Jakarta akan segera melakukan uji coba rekayasa lalu lintas dengan metode genap-ganjil, menggantikan metode 3-in-1. Tentunya harapannya adalah agar jumlah kendaraan berkurang. Tapi, apakah benar peraturan ini adil bagi pemilik kendaraan dengan pelat nomor polisi ganjil dan genap? Bagi pemilik kendaraan dengan jumlah lebih dari satu, tentunya tak jadi masalah.

Mari kita hitung. Jika setahun ada 365 hari, maka apakah benar masing-masing genap dan ganjil adalah separuhnya? Tentunya ada kelebihan 1 hari karena 365 hari tak genap. Kecuali di tahun kabisat yang ada 366 hari.
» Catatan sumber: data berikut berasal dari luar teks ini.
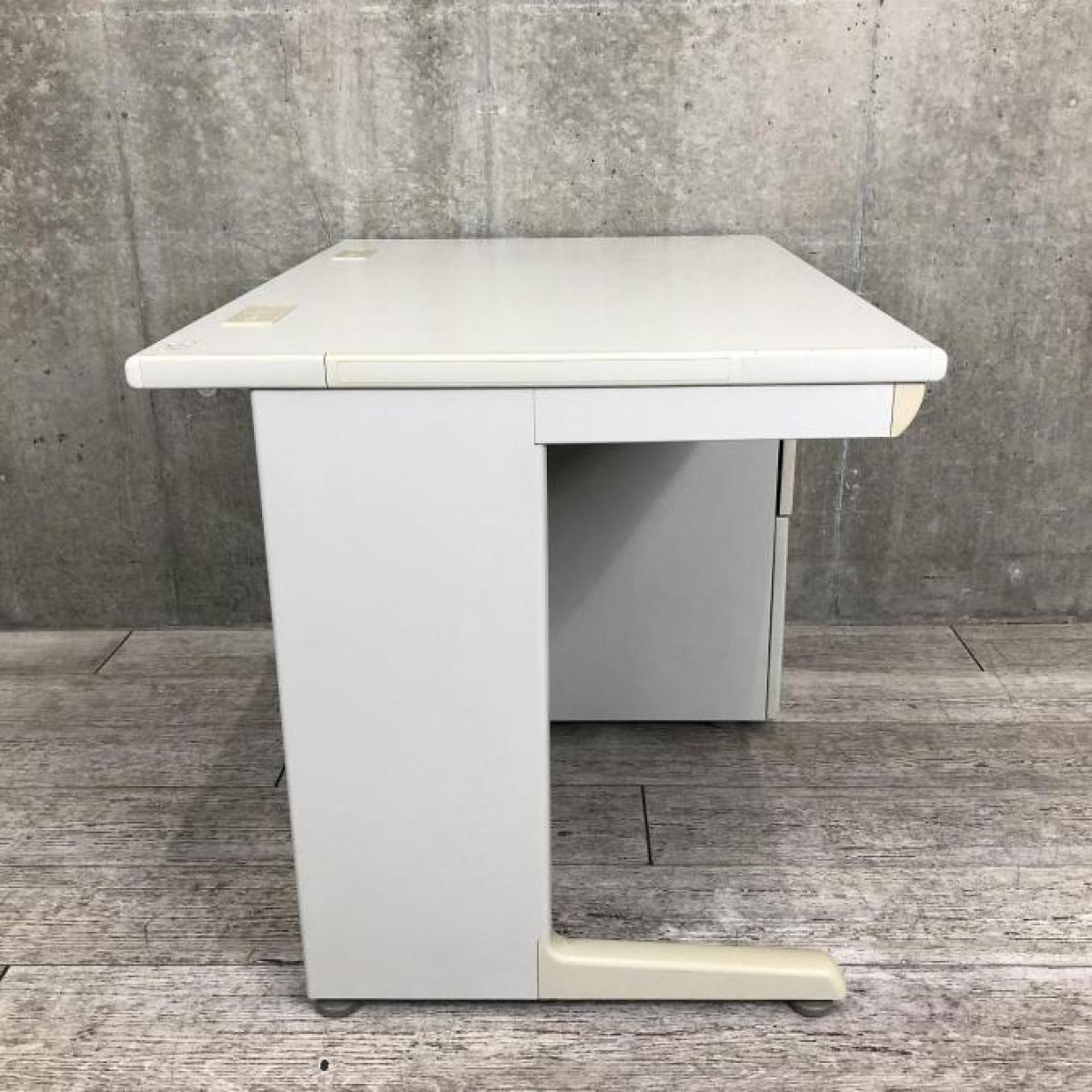 中古】SDシリーズ オカムラ/okamura 片袖机 576439 - 中古オフィス家具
Itu pun masih lama: empat tahun lagi, 2020.

Bulan Januari, Maret, Mei, Juli, Agustus, Oktober, dan Desember memiliki 31 hari dalam tiap bulannya. Artinya, ada 16 hari ganjil dan 15 hari genap setiap bulan. Dalam 7 bulan itu, maka ada 112 hari ganjil dan 105 hari genap.

Di bulan Februari, ada 28 hari. Yakni 14 hari ganjil dan 14 hari genap. Di tahun kabisat, ada tambahan satu tanggal ganjil: 29 Februari. Tapi abaikan dulu tahun kabisat.
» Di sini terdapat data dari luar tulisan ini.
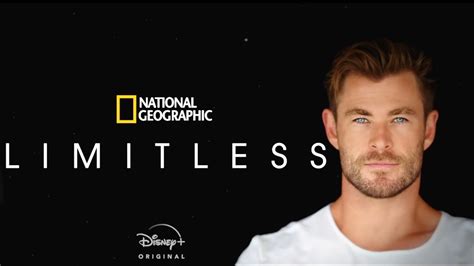 Limitless with Chris Hemsworth | Official Trailer | Disney+ - YouTube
Di bulan April, Juni, September, dan November, ada 30 hari setiap bulannya yang terbagi jadi masing-masing 15 tanggal ganjil dan genap. Dalam 4 bulan itu, maka ada masing-masing 60 hari genap dan ganjil.
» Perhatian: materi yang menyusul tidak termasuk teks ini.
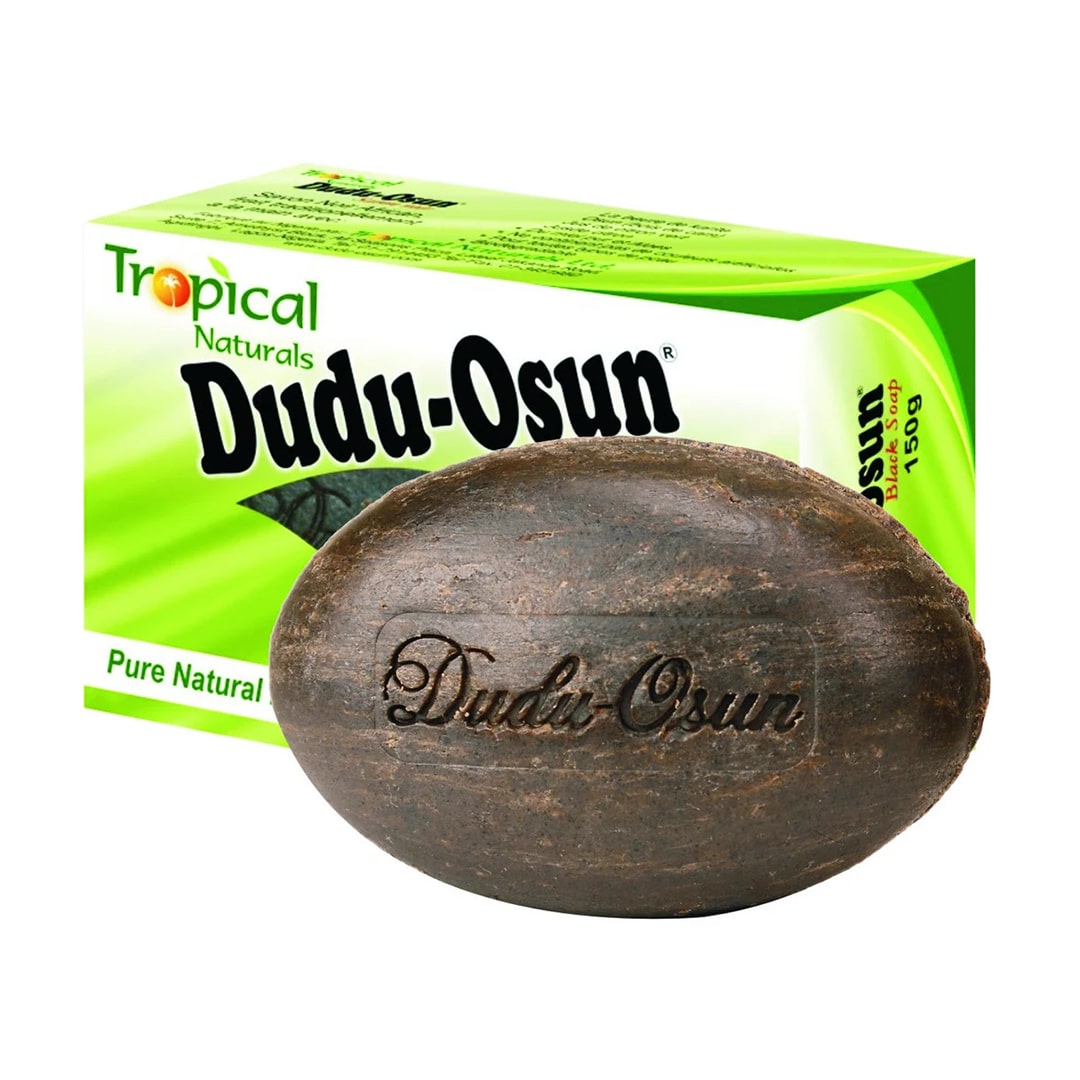 DUDU OSUN BLACK SOAP      5.29Z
Maka, dalam setahun bisa kita hitung bahwa ada 112 + 14 + 60 = 186 hari tanggal ganjil. Sementara hari tanggal genap ada 105 + 14 + 60 = 179 hari. Total 186 + 179 = 365 hari. Maka perbandingannya adalah 50.96% untuk nomor polisi ganjil, dan 49.04% untuk yang genap.

Di tahun kabisat dengan 366 hari, bahkan tanggal ganjil lebih banyak: 187 hari dalam setahun (51.09%). Jadi, pemilik kendaraan dengan nomor polisi ganjil termasuk yang diuntungkan. Kalau saya sih tak masalah dengan peraturan ini, karena kendaraan yang saya naiki tidak terpengaruh peraturan baru ini. Bagaimana dengan Anda? Termasuk pihak genap atau ganjil?